A Complete Guide on TensorFlow 2.0 using Keras API
Udemy Coupon - A Complete Guide on TensorFlow 2.0 using Keras API, Build Amazing Applications of Deep Learning and Artificial Intelligence in TensorFlow 2.0 Created by Hadelin de Ponteves, Kirill Eremenko, SuperDataScience Team, Luka Anicin English [Auto-generated] Students also bought Complete Guide to TensorFlow for Deep Learning with Python Tensorflow 2.0: Deep Learning and Artificial Intelligence Complete Tensorflow 2 and Keras Deep Learning Bootcamp Modern Deep Learning in Python TensorFlow 2.0 Practical Preview this Course GET COUPON CODE 100% Off Udemy Coupon . Free Udemy Courses . Online Classes
Create Own Artificial Neural Network In Python
Artificial neural networks (ANNs), also known as neural networks (NNs), are computer systems that are modelled after the biological neural networks that make up animal brains.

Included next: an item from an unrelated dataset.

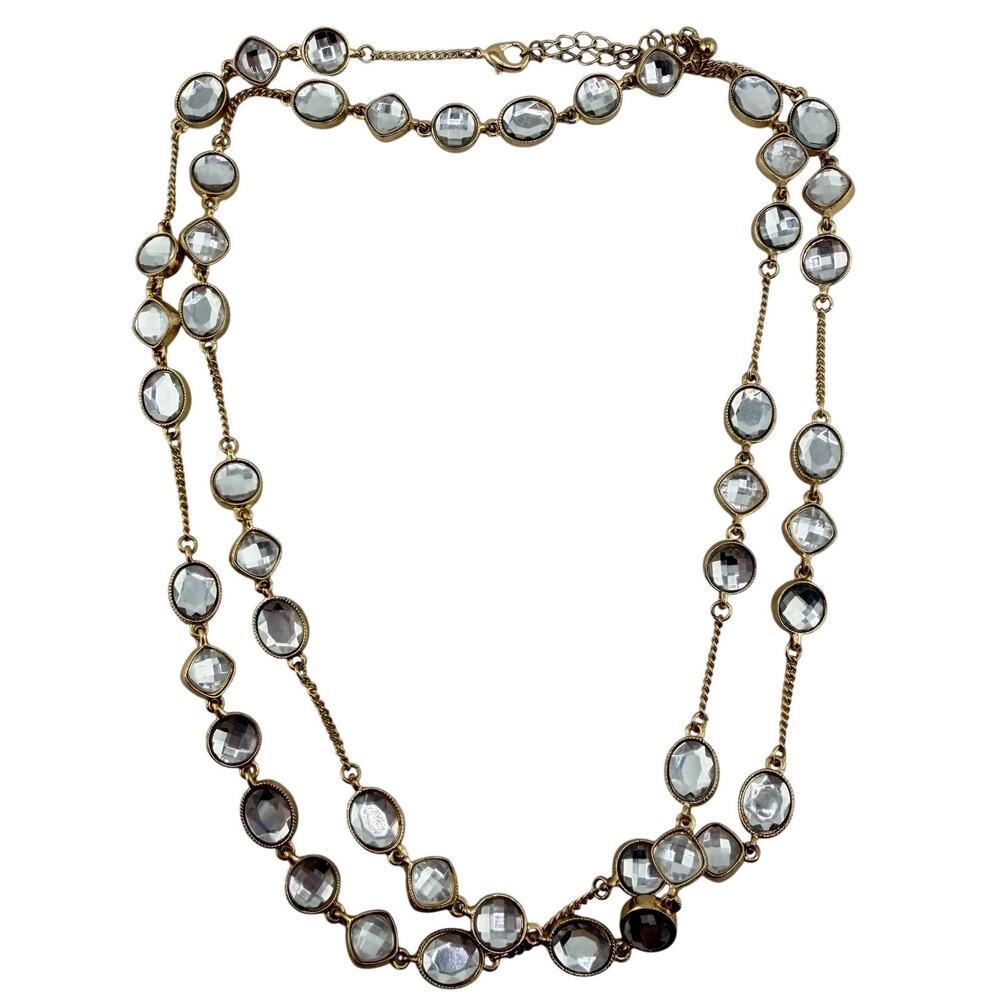 Rhinestone Modern Glam Station Extra Long Gold Tone 42" Fashion Necklace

In this course,we will learn to create our own neural networks with python. Introduction to artificial neural network: Artificial neural networks simulates the functioning of human brain .This section,we will learn the basics of artificial neural network.We will also learn various types of neural network.,techniques of neural networks. Tasks associated with neural network with examples,feed forward and feed back neural networks and more…. Python basics: Python is the language widely used for development.We can use python in desktop,web and ML development.

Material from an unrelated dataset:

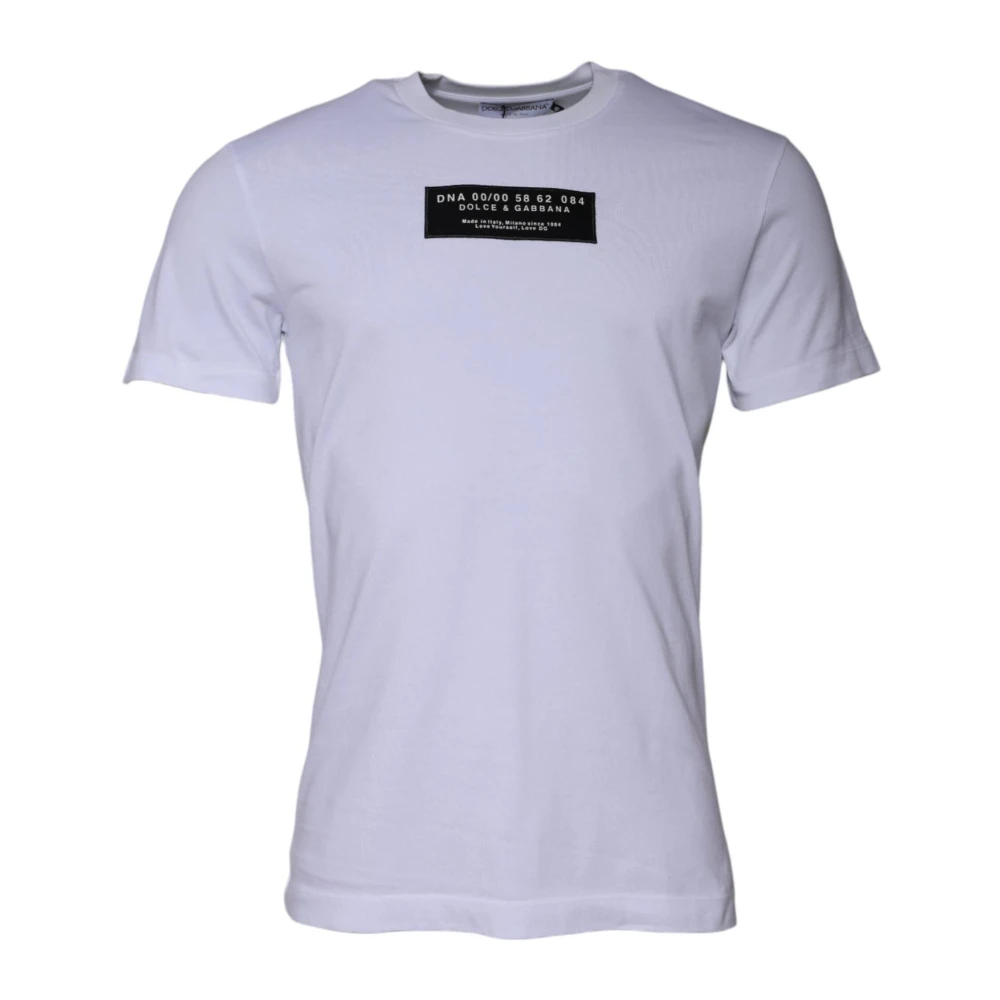Dolce & Gabbana Witte Katoenen Logo Applique T-shirt White Heren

Deep Learning A-Z : Hands-On Artificial Neural Networks
Deep Learning A-Z™: Hands-On Artificial Neural Networks Free Coupon Discount - Learn to create Deep Learning Algorithms in Python from two Machine Learning & Data Science experts. Templates included. BESTSELLER 4.6 (25,470 ratings) Created by Kirill Eremenko, Hadelin de Ponteves, SuperDataScience Team English, French [Auto-generated], 4 more Preview this Udemy Course - GET COUPON CODE 100% Off Udemy Coupon . Free Udemy Courses . Online Classes
Data Science: Natural Language Processing (NLP) in Python
Created by Lazy Programmer Inc. English [Auto-generated], German [Auto-generated], 3 more Created by Lazy Programmer Inc. In this course you will build MULTIPLE practical systems using natural language processing, or NLP - the branch of machine learning and data science that deals with text and speech. This course is not part of my deep learning series, so it doesn't contain any hard math - just straight up coding in Python. All the materials for this course are FREE. After a brief discussion about what NLP is and what it can do, we will begin building very useful stuff.

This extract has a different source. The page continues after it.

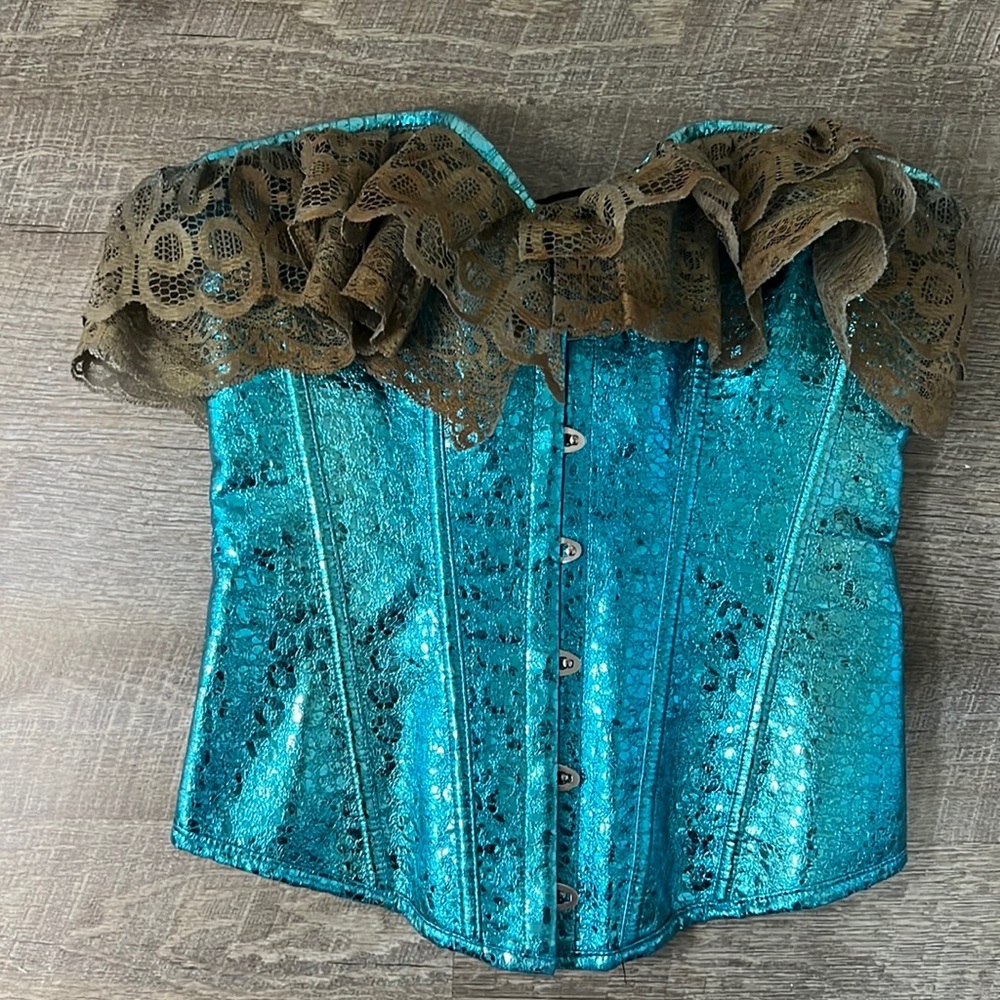 Bedroom Stories Blue Metallic Corset Size Medium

Artificial Intelligence for Earth Monitoring MOOC
Artificial intelligence (AI) is playing an increasingly important part in our daily lives, whether it is providing our personalised social media feeds, online shopping or streaming movie suggestions, or even the mapping apps that route us around traffic jams. On a bigger scale, AI is already having a major impact on healthcare, finance, farming and many other sectors and its influence is predicted to expand rapidly in the coming years. One area where there is considerable untapped potential for AI is in the field of Earth observation, where it can be used to help manage large datasets, find new insights in data and generate new products and services. With this in mind, EUMETSAT, ECMWF, Mercator Ocean International and the EEA have joined up to develop a new massive open online course (MOOC) on AI and Earth monitoring. The idea for the course is to introduce participants to the wealth of Copernicus Earth observation data and the AI and machine learning techniques that can be used to work with it.